- **Work task**
Please make an exact transcription of all the data that follows.

--- Data Enclosed Below ---

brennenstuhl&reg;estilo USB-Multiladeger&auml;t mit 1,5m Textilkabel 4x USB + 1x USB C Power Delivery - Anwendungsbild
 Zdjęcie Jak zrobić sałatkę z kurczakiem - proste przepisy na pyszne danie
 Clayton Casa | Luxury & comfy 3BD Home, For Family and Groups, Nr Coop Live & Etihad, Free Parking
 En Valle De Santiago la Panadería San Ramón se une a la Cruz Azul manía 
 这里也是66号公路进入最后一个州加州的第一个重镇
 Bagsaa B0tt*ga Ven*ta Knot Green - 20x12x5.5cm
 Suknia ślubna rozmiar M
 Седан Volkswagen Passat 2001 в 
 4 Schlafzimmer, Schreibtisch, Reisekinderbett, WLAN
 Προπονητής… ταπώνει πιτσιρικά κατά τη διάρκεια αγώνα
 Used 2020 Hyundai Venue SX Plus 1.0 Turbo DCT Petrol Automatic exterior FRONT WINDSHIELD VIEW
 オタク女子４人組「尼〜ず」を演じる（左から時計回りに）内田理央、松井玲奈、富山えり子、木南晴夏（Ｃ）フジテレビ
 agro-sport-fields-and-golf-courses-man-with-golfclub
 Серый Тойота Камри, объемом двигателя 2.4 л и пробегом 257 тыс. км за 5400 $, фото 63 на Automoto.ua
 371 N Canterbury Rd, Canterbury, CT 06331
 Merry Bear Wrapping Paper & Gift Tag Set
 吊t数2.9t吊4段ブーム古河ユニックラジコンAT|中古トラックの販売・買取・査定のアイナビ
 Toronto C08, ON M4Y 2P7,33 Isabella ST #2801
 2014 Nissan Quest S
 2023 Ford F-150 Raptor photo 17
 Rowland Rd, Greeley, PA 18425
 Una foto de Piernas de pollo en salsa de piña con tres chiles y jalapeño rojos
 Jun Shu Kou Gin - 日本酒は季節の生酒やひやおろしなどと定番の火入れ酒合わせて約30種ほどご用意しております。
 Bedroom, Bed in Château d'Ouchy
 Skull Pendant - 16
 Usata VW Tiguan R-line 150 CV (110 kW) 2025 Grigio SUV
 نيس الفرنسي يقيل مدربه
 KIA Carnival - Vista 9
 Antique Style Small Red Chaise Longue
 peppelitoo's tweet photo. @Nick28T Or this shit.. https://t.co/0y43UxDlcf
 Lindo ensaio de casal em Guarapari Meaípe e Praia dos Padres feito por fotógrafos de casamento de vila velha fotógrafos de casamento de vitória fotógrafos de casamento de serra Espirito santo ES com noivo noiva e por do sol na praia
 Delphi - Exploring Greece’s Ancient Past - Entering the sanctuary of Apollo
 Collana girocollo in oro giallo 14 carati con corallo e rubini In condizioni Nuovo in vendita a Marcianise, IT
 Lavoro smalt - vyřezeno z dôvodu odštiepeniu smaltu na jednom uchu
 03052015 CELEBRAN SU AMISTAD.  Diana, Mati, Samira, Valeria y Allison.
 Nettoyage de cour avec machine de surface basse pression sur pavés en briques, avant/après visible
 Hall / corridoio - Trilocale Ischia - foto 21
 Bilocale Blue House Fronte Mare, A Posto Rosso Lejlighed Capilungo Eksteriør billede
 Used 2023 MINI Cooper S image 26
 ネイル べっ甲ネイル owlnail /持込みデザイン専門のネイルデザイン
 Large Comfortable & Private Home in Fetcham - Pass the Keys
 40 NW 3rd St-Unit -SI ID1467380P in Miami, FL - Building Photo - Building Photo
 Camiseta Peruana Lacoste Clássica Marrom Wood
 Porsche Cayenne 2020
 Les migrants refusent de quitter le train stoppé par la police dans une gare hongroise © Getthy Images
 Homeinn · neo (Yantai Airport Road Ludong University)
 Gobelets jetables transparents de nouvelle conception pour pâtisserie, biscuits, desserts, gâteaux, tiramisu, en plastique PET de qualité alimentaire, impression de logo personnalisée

--- End of Enclosed Data ---

- **Exercise answer**
brennenstuhl&reg;estilo USB-Multiladeger&auml;t mit 1,5m Textilkabel 4x USB + 1x USB C Power Delivery - Anwendungsbild
 Zdjęcie Jak zrobić sałatkę z kurczakiem - proste przepisy na pyszne danie
 Clayton Casa | Luxury & comfy 3BD Home, For Family and Groups, Nr Coop Live & Etihad, Free Parking
 En Valle De Santiago la Panadería San Ramón se une a la Cruz Azul manía 
 这里也是66号公路进入最后一个州加州的第一个重镇
 Bagsaa B0tt*ga Ven*ta Knot Green - 20x12x5.5cm
 Suknia ślubna rozmiar M
 Седан Volkswagen Passat 2001 в 
 4 Schlafzimmer, Schreibtisch, Reisekinderbett, WLAN
 Προπονητής… ταπώνει πιτσιρικά κατά τη διάρκεια αγώνα
 Used 2020 Hyundai Venue SX Plus 1.0 Turbo DCT Petrol Automatic exterior FRONT WINDSHIELD VIEW
 オタク女子４人組「尼〜ず」を演じる（左から時計回りに）内田理央、松井玲奈、富山えり子、木南晴夏（Ｃ）フジテレビ
 agro-sport-fields-and-golf-courses-man-with-golfclub
 Серый Тойота Камри, объемом двигателя 2.4 л и пробегом 257 тыс. км за 5400 $, фото 63 на Automoto.ua
 371 N Canterbury Rd, Canterbury, CT 06331
 Merry Bear Wrapping Paper & Gift Tag Set
 吊t数2.9t吊4段ブーム古河ユニックラジコンAT|中古トラックの販売・買取・査定のアイナビ
 Toronto C08, ON M4Y 2P7,33 Isabella ST #2801
 2014 Nissan Quest S
 2023 Ford F-150 Raptor photo 17
 Rowland Rd, Greeley, PA 18425
 Una foto de Piernas de pollo en salsa de piña con tres chiles y jalapeño rojos
 Jun Shu Kou Gin - 日本酒は季節の生酒やひやおろしなどと定番の火入れ酒合わせて約30種ほどご用意しております。
 Bedroom, Bed in Château d'Ouchy
 Skull Pendant - 16
 Usata VW Tiguan R-line 150 CV (110 kW) 2025 Grigio SUV
 نيس الفرنسي يقيل مدربه
 KIA Carnival - Vista 9
 Antique Style Small Red Chaise Longue
 peppelitoo's tweet photo. @Nick28T Or this shit.. https://t.co/0y43UxDlcf
 Lindo ensaio de casal em Guarapari Meaípe e Praia dos Padres feito por fotógrafos de casamento de vila velha fotógrafos de casamento de vitória fotógrafos de casamento de serra Espirito santo ES com noivo noiva e por do sol na praia
 Delphi - Exploring Greece’s Ancient Past - Entering the sanctuary of Apollo
 Collana girocollo in oro giallo 14 carati con corallo e rubini In condizioni Nuovo in vendita a Marcianise, IT
 Lavoro smalt - vyřezeno z dôvodu odštiepeniu smaltu na jednom uchu
 03052015 CELEBRAN SU AMISTAD.  Diana, Mati, Samira, Valeria y Allison.
 Nettoyage de cour avec machine de surface basse pression sur pavés en briques, avant/après visible
 Hall / corridoio - Trilocale Ischia - foto 21
 Bilocale Blue House Fronte Mare, A Posto Rosso Lejlighed Capilungo Eksteriør billede
 Used 2023 MINI Cooper S image 26
 ネイル べっ甲ネイル owlnail /持込みデザイン専門のネイルデザイン
 Large Comfortable & Private Home in Fetcham - Pass the Keys
 40 NW 3rd St-Unit -SI ID1467380P in Miami, FL - Building Photo - Building Photo
 Camiseta Peruana Lacoste Clássica Marrom Wood
 Porsche Cayenne 2020
 Les migrants refusent de quitter le train stoppé par la police dans une gare hongroise © Getthy Images
 Homeinn · neo (Yantai Airport Road Ludong University)
 Gobelets jetables transparents de nouvelle conception pour pâtisserie, biscuits, desserts, gâteaux, tiramisu, en plastique PET de qualité alimentaire, impression de logo personnalisée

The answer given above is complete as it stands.